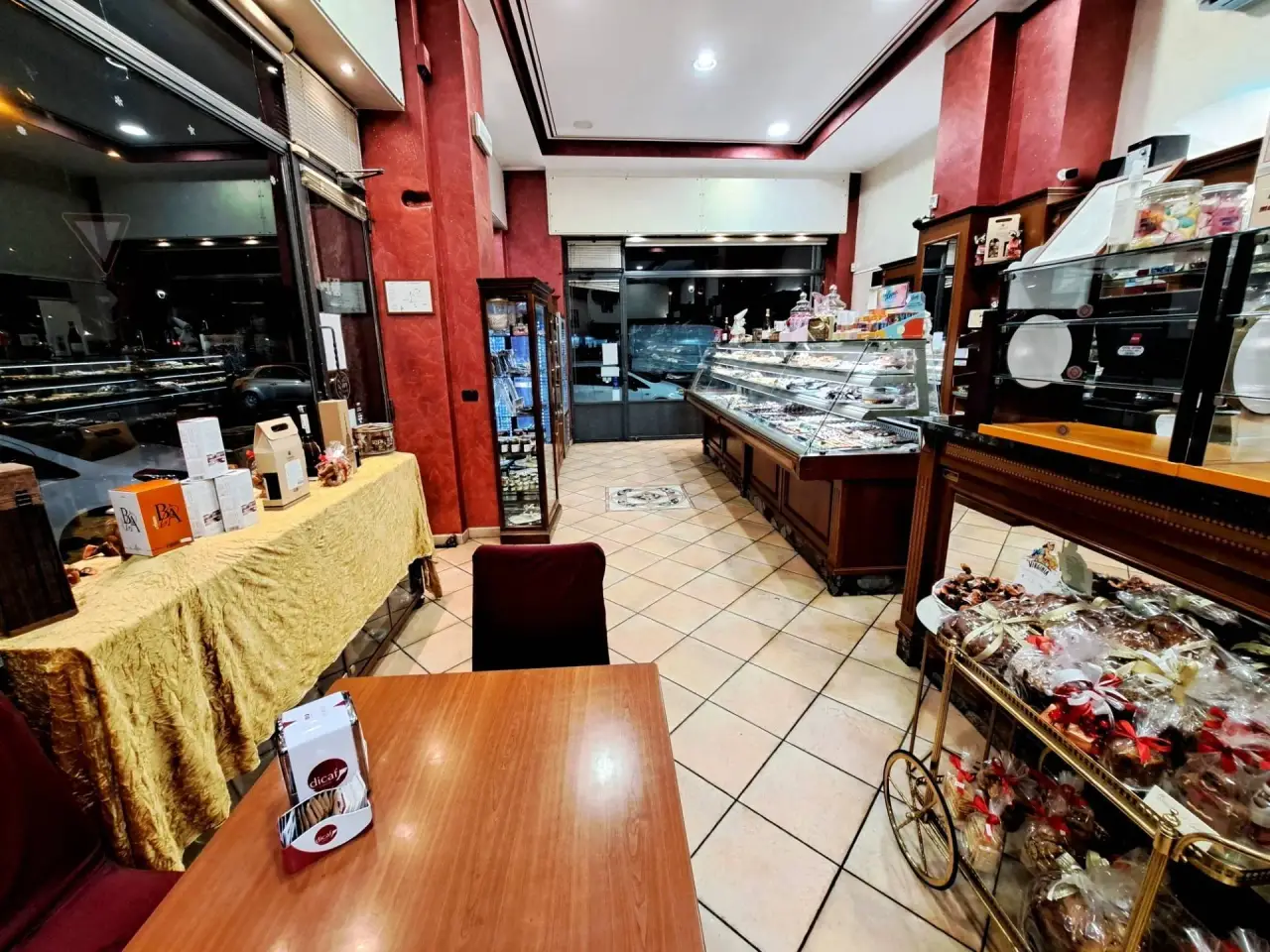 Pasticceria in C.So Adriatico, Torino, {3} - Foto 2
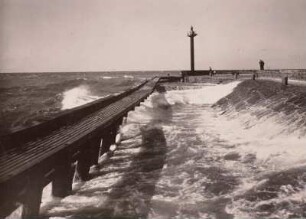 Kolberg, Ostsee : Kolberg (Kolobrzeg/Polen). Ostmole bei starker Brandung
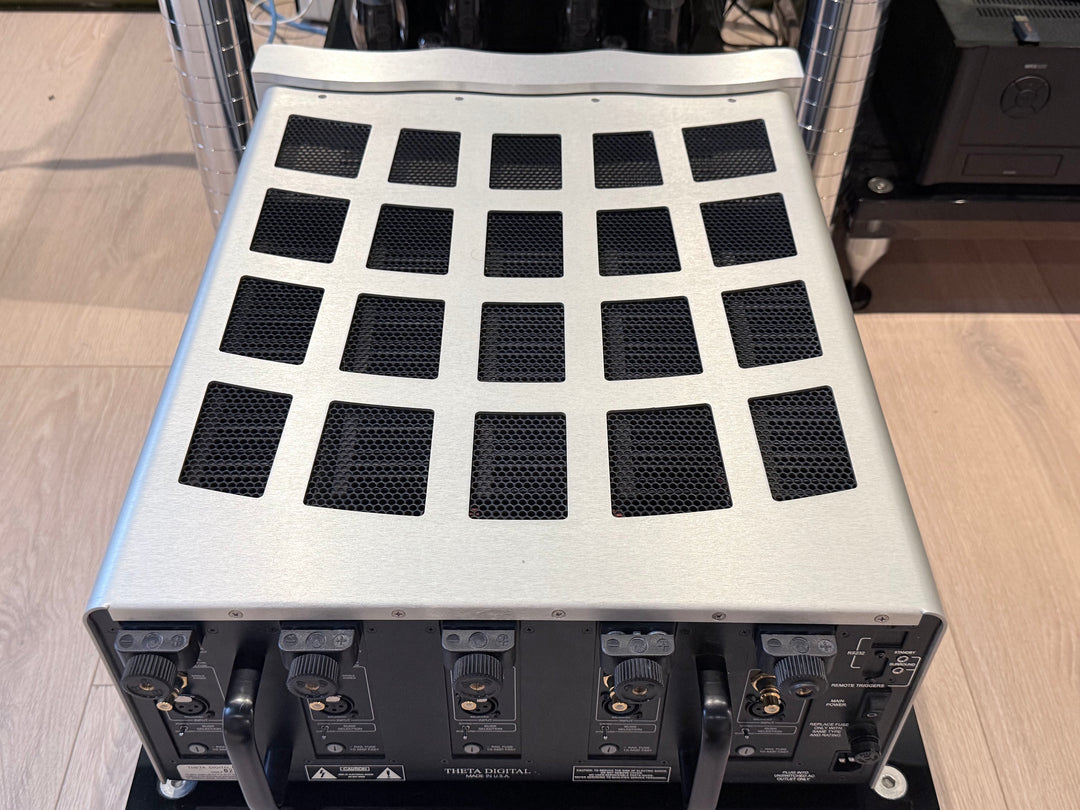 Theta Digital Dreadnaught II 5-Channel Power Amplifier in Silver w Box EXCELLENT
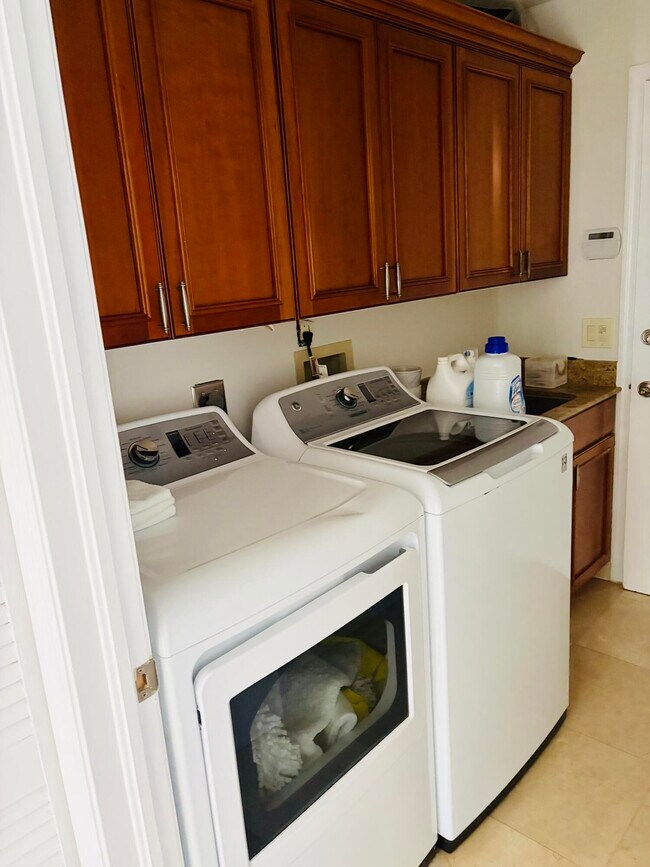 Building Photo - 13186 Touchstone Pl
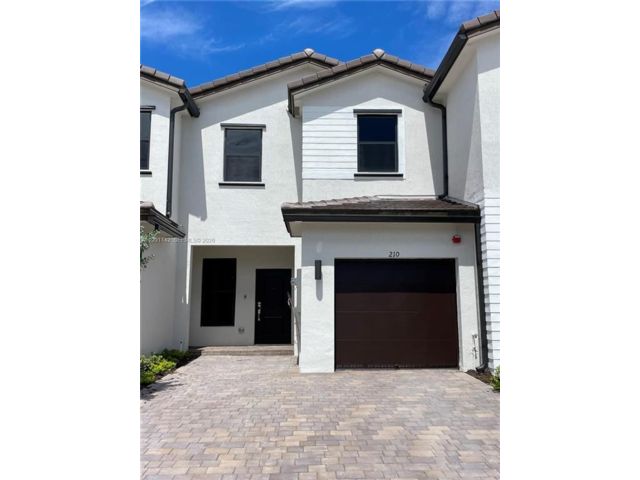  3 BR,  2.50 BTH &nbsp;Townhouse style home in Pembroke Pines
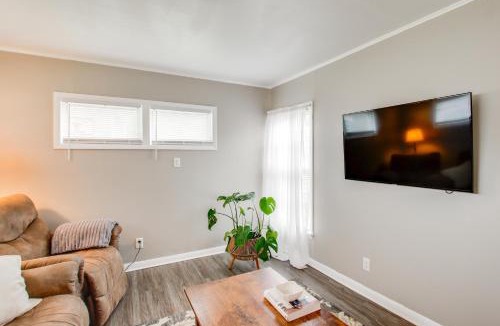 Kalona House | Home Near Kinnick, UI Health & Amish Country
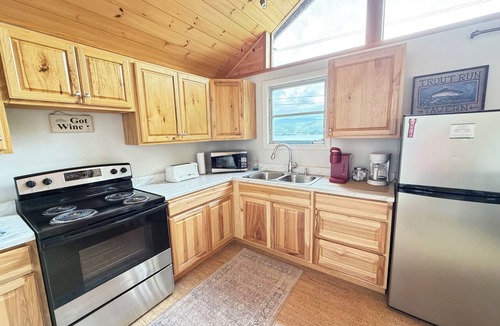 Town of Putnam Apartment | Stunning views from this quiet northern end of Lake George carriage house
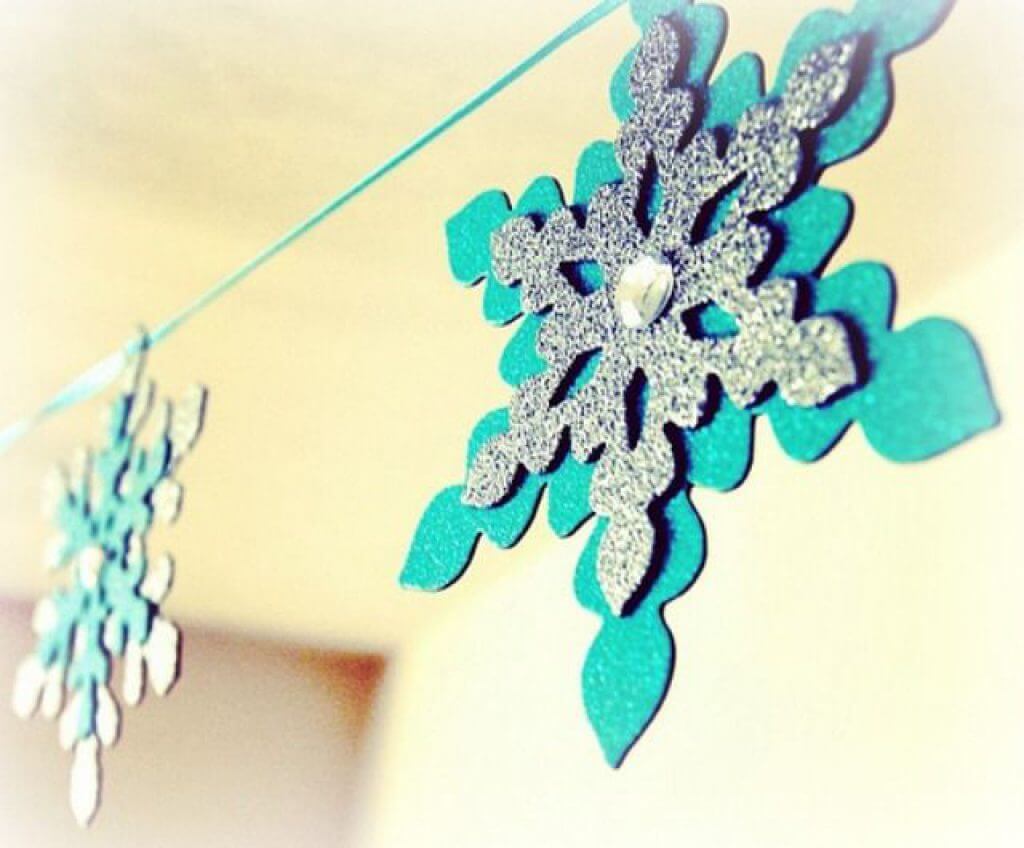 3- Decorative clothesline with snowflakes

- _Prompt_
Each line above should be set down exactly as written, with pictures excluded.

- _Answer to this task_
 Pasticceria in C.So Adriatico, Torino, {3} - Foto 2
 Kolberg, Ostsee : Kolberg (Kolobrzeg/Polen). Ostmole bei starker Brandung
 Theta Digital Dreadnaught II 5-Channel Power Amplifier in Silver w Box EXCELLENT
 Building Photo - 13186 Touchstone Pl
  3 BR,  2.50 BTH &nbsp;Townhouse style home in Pembroke Pines
 Kalona House | Home Near Kinnick, UI Health & Amish Country
 Town of Putnam Apartment | Stunning views from this quiet northern end of Lake George carriage house
 3- Decorative clothesline with snowflakes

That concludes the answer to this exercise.